Ms. Lifshitz added that there was “evidence that this was deliberate.”
“These people knew the location of every house and every kibbutz. They brought equipment to break into their houses. This has been planned for a long time.”
Sharon Shochat, who chaired the press conference, described Hamas as a «modern death squad» and described how «girls were raped over the bodies of their friends.»
Many are still waiting for news of their captured loved ones, in what Ms. Shochat said is “the largest hostage crisis the world has faced in decades.”
For For some families, the wait is over as rescue teams pull bodies from the rubble.
One father, Thomas Hand, originally from Ireland, spoke of his relief when he learned that his eight-year-old daughter's body had been found.
«They just said, 'We found Emily and she's dead,' and I said yes.» Yes. I smiled because this was the best news of opportunity I knew. This was the best opportunity I had hoped for,” he told CNN.“She is either dead or in the Gaza Strip. And if you know anything about what they are doing to the people in Gaza, it is worse than death. That's how they treat you.»
Mr. Sagi and Ms. Lifshitz are still waiting for news about their parents.
Childhood friends, they had returned home just a month ago, sitting on the kibbutz where they were born and raised. They drank surrounded by familiar people who had known them all their lives.
In every room they entered, they were greeted by the smiling face of a surrogate parent or sibling. Peace and good neighborliness were at the center of this “little green oasis in the middle of the desert,” Mr. Sagi said, “until Saturday morning.”
Many of the people they grew up with, who helped raise them, whose grandchildren played with their young sons, are dead or missing.
«Peace-loving people»
Mr.
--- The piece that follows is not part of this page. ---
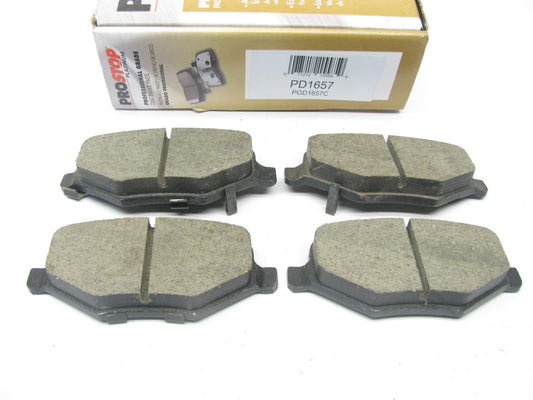 Pro Stop PGD1657C Rear Disc Brake Pads - Ceramic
Saga's mother was due to come to London in Thursday to celebrate his 75th birthday.
“I shouldn’t have been sitting here today – I should have gone to Heathrow to pick up my mother,” he said.
Mr Sagi and Ms Lifshitz talked about the specter of the Holocaust and the old stories they grew up with that were running through their minds this week.
«How my uncle's life was saved because he gave a coat to a Pole,» Ms. Lifshitz said.
“Stories in which a good deed mattered. Do I want this story to be here? Yes.”
Their parents belong to the generation that fought “for a better future.”
“Peace-loving people who have fought all their lives for coexistence and good neighborly relations,” said Mr. Sagi.
“If they die for peace, they will accept it. If they die for the war, it will be another travesty.”
On Saturday morning he said: “They were on the front line.”